Keep the introductory text of your project page technically simple. Firstly explain what problem your invention solves. More often you do not have to convince just technicians but also marketers! A good photo and the first sentences of the idea description are crucial. One cannot assume that a prospective client will read three pages of text to understand the geniality of the idea. If the client is not interested by the second or third sentence, chances are s/he will move on to the next idea.
To keep your expectations as realistic as possible, here is a rough scale to guide you on what type and how many reactions you can expect. Depending on the quality of your covering letter as well as the target customers you choose, you can expect to receive 3 to 10 responses per 100 attempts. Most of time, you will not get refusals, but rather specific inquiries about prices, technologies, drawings, etc. Answer these questions quickly and thoroughly. A personal interview is particularly valuable. Of course, an inquiry is still no contract, however each inquiry could be just the one that helps bring your idea to the market.
As most inventors know, bringing a patented product to market is a challenging task. In the majority of cases businesses are simply not interested in your ideas or see little potential for commercial success. This however is not a rule, as some patents do indeed catch the interest of manufacturers and entrepreneurs.
Let us assume that you are one such inventor who has an idea that has caught the attention of an interested party and are about to enter into talks regarding the sale or utilization of your idea. For the independent inventor this can indeed be a stressful situation as business negotiation is an unknown territory for many. Thankfully there is help out there to provide inventors with the tools necessary for negotiation. One such tool is the World Intellectual Property Organization’s training manual „Exchanging Value: Negotiating Technology Licensing Agreements“.

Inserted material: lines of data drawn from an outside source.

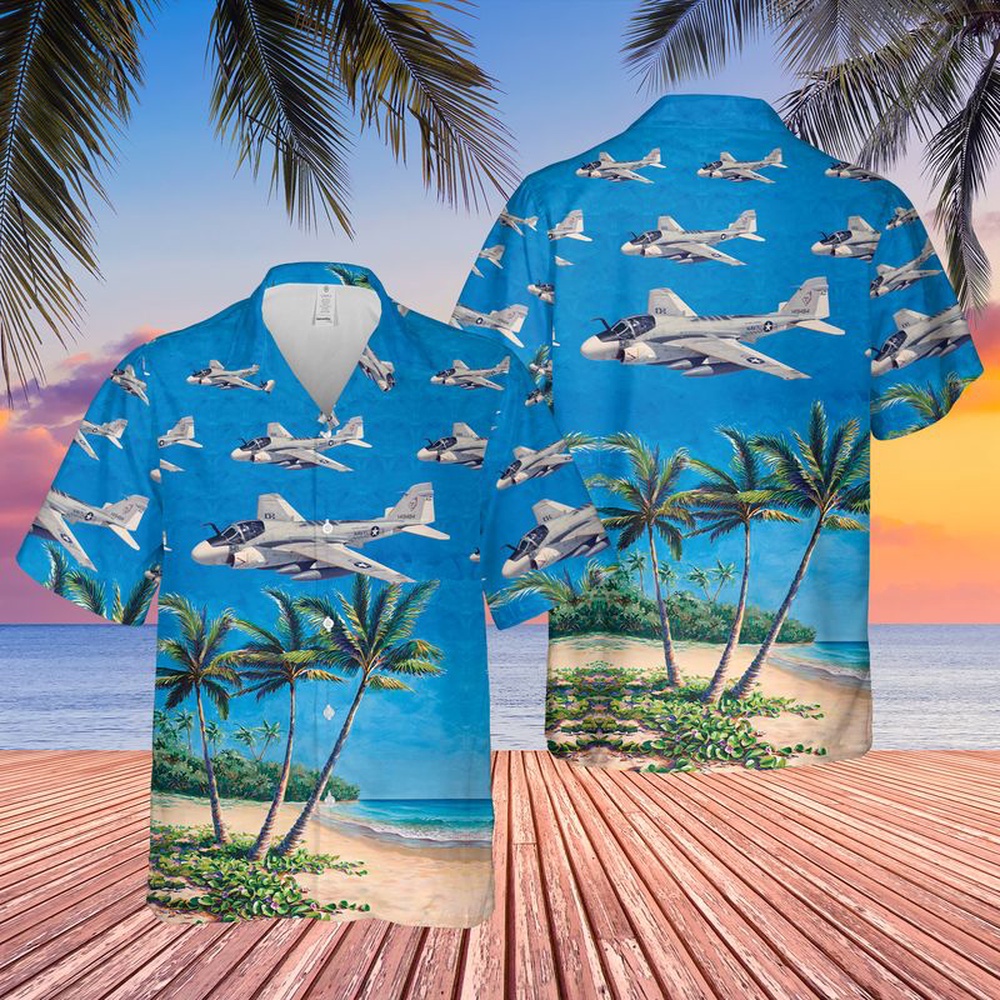 Us Navy Hawaiian Shirt US Navy Grumman A 6 Intruder Hawaiian Shirt Military Hawaiian Shirt 1 adsk4q.jpg Us Navy Hawaiian Shirt US Navy Grumman A 6 Intruder Hawaiian Shirt Military Hawaiian Shirt 1 adsk4q.jpg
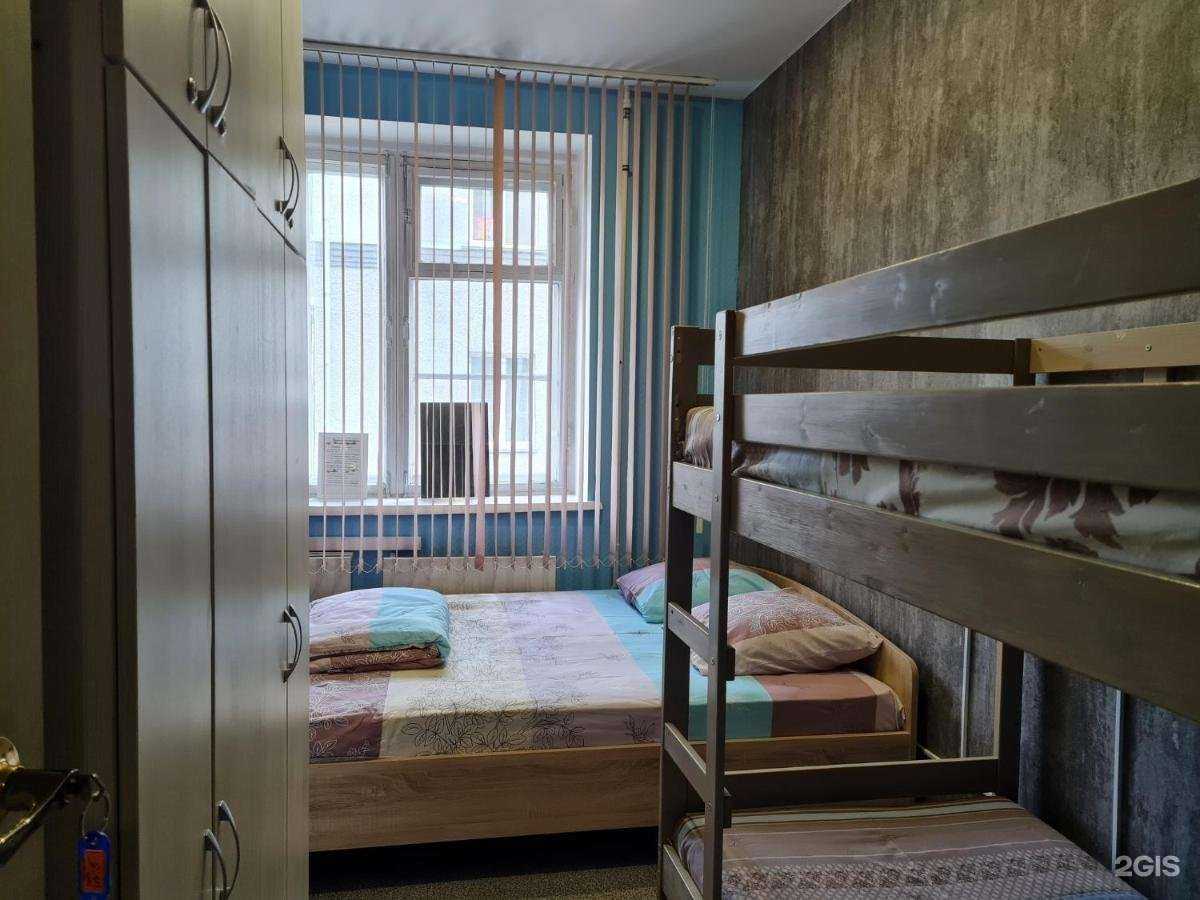 Отзывы на компанию Уютный в Новосибирске c фото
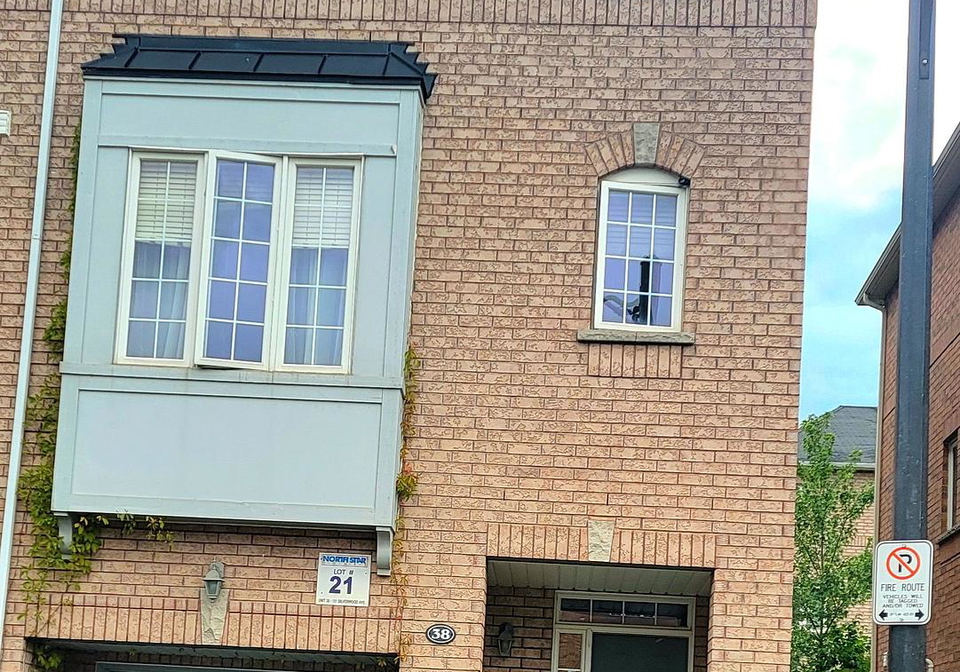 151-silverwood-avenue-richmond-hill-ontario-n12372299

The 178-page manual provides negotiating guidelines and tips, which may contribute in reaching an agreement which satisfies both parties and enhances the knowledge and skills of the user on all the major issues to be addressed while negotiating such agreements. Such issues and topics include:
- When is licensing the appropriate strategy;
- The importance of diligently preparing for a licensing negotiation
- Methods for valuation of technology;
- The importance of negotiations and the need to seek a „win-win“ agreement.